*Exercise brief:*
Copy word for word the line containing "Komoly lejtőre került" together with all lines following it to the end of the listing below, without the pictures.

*Information provided:*
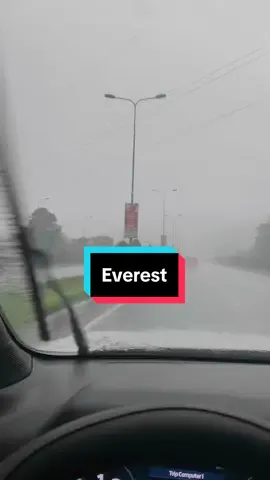 Lái xe trời mưa và hoài niệm những điều đã cũ.. #ford #everest #dalat #rain #chill #tamtrang  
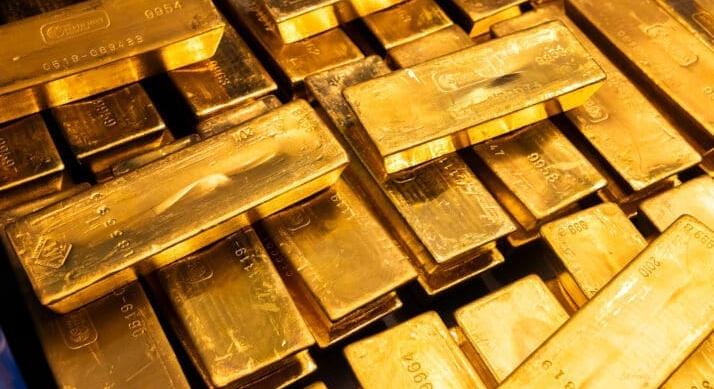 Komoly lejtőre került az arany – Január vége óta több mint 900 dollárt zuhant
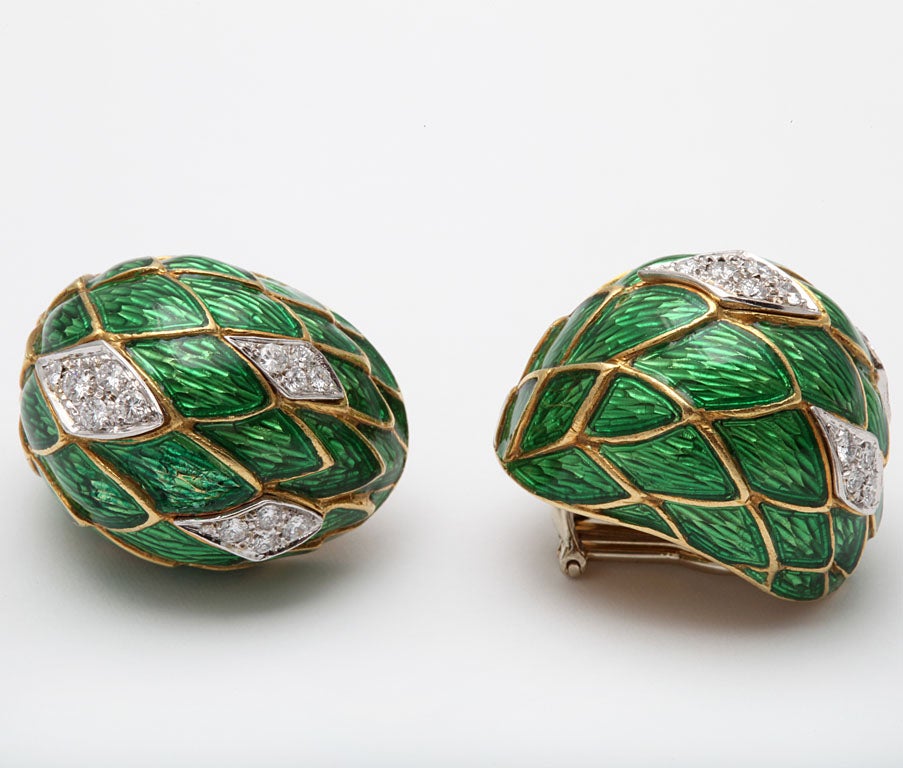 Green Enamel And Diamond Gold Bombe Earrings In Excellent Condition In New York, NY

*Expected answer:*
 Komoly lejtőre került az arany – Január vége óta több mint 900 dollárt zuhant
 Green Enamel And Diamond Gold Bombe Earrings In Excellent Condition In New York, NY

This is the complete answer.